In §27, Wittgenstein introduces a 'language-game in its own right', asking for and explaining names ostensively (in connection with language-games [2] and [8]). His remarks there suggest a focus on proper names and common nouns (block, slab, etc.), but §28 naturally makes the transition to other types of word—without, however, marking the likelihood that a 'name' might be asked for, and given, not just in the context of the ostensive naming game alone, but in connection with some other game, some other use of words which may thus require words of its own to be played.
'Wie hast du es gemacht?' (§33): compare to 'Wie weiß er aber, wo und wie er das Wort ›rot‹ nachschlagen soll und was er mit dem Wort ›fünf‹ anzufangen hat?' (§1). 'How do you know?', 'how does he know?'.
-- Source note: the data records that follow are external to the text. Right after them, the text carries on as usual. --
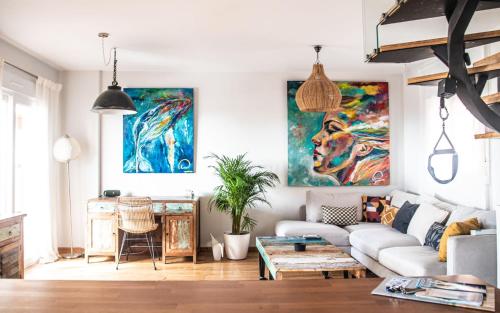 Amara Family & Surf with Oceanview And Pool — carbon neutral stay, Tarifa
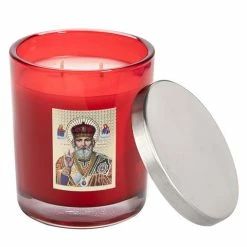 Candle Bar - Religious Icon Candle Livani St. Nicholas Red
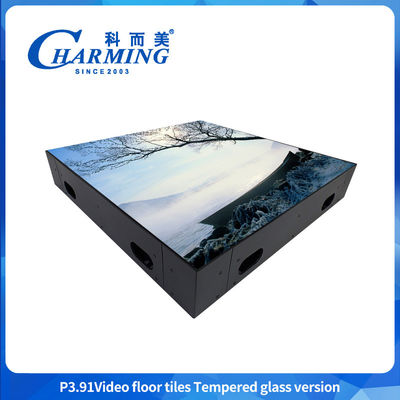 โปรเฟชั่นแนล จีนในห้อง SMD1921 กันน้ํา 3D กระจกกระจก LED Display ดันซ์ฟลอร์ด ใบสัญลักษณ์ดิจิตอล LED Video Floor Tile สําหรับงาน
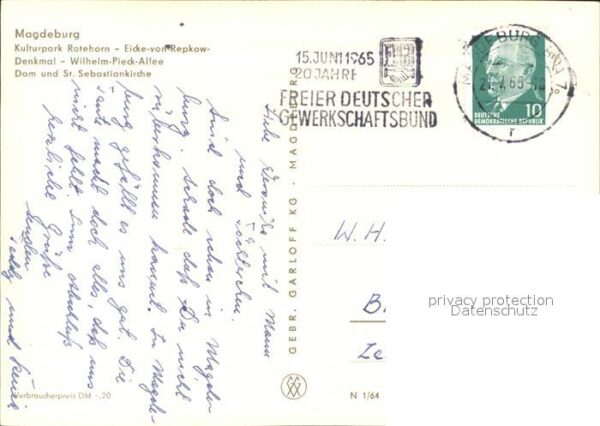 Magdeburg Kulturpark Repkowdenkmal Wilh Pieck All – Bild 2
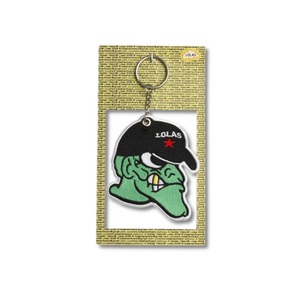LOLA‘S HARDWARE / GOBLIN EMBROIDERY KEYCHAIN / GREEN/BLACK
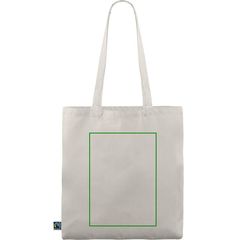 Bolsa fabricada en algodón Fairtrade | Trasera | 200 x 280
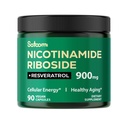 Satoomi NAD Supplement met Liposomal Nicotinamide Riboside 900 mg NR, Resveratrol, Quercetine - 90 Tel.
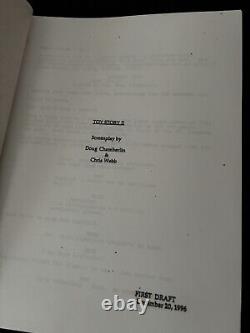 Walt DisneyT THE TOY STORY LEGACY Rare Script PIXAR COLLECTION Screenplay Set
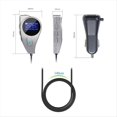 thumbnail image 3 of Transmisor FM Bluetooth 5.0 para Coche, Receptor de Audio Auxiliar, Reproductor MP3, Cargador USB Dual, Tarjeta TF, Disco U, Kit Manos para Música., 3 of 5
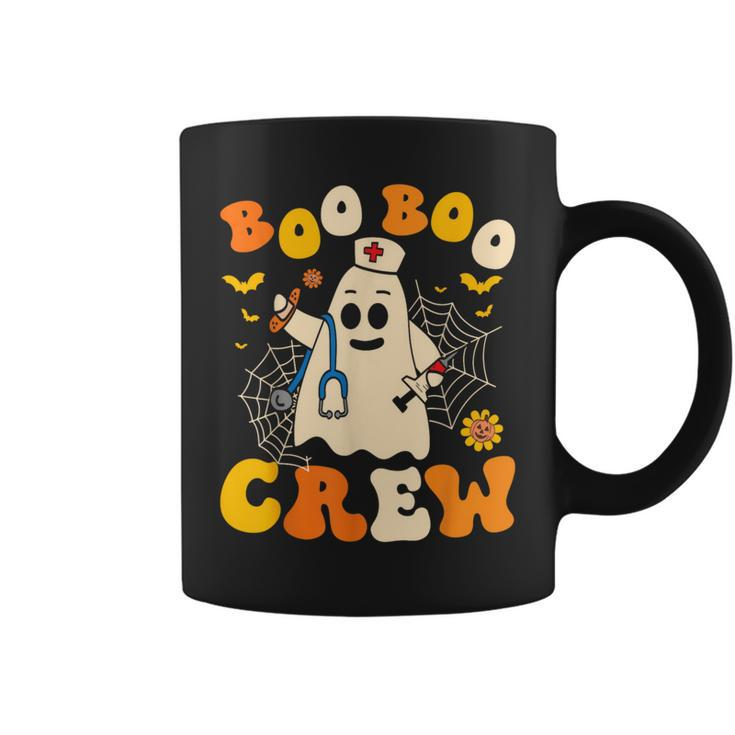 Groovy Boo Crew Nurse Ghost Halloween Nurse Coffee Mug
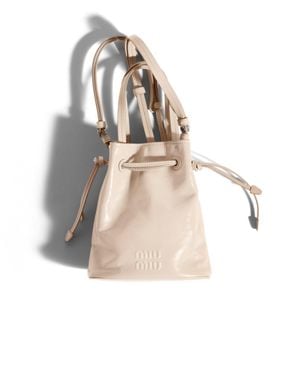 Miu Miu Shiny Leather Pouch - Multicolor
'—Und worin besteht es denn – ›auf die Form zeigen‹, ›auf die Farbe zeigen‹? Zeig auf ein Stück Papier! – Und nun zeig auf seine Form, – nun auf seine Farbe, – nun auf seine Anzahl (das klingt seltsam)! – Nun, wie hast du es gemacht? – Du wirst sagen, du habest jedesmal etwas anderes beim Zeigen ›gemeint‹'.
I'd like to say that the interlocutor's willingness here to opt for 'meaning' his acts of pointing differently in each case rests on much the same possibility as in §19: 'Wir sagen, wir gebrauchen den Befehl im Gegensatz zu andern Sätzen, weil unsere Sprache die Möglichkeit dieser andern Sätze enthält'. Then, too, that there being the various possibilities of pointing is different from performing any of the various forms of pointing—it would be such a neat way to invoke Wittgenstein's repeated appeal to circumstances as decisive in this part of the Investigations—meaning to point at the form, the color, etc., being different from actually pointing at the form, actually pointing at the color, etc.—as 'moves in a game' (cf. §22). (Thus, the interlocutor's seeming to be cornered by the line of questioning to come.)
But Wittgenstein does prompt these performances with a move of his own, in a type of game typical for him: he gives the interlocutor a command, 'Zeig auf ein Stück Papier!'.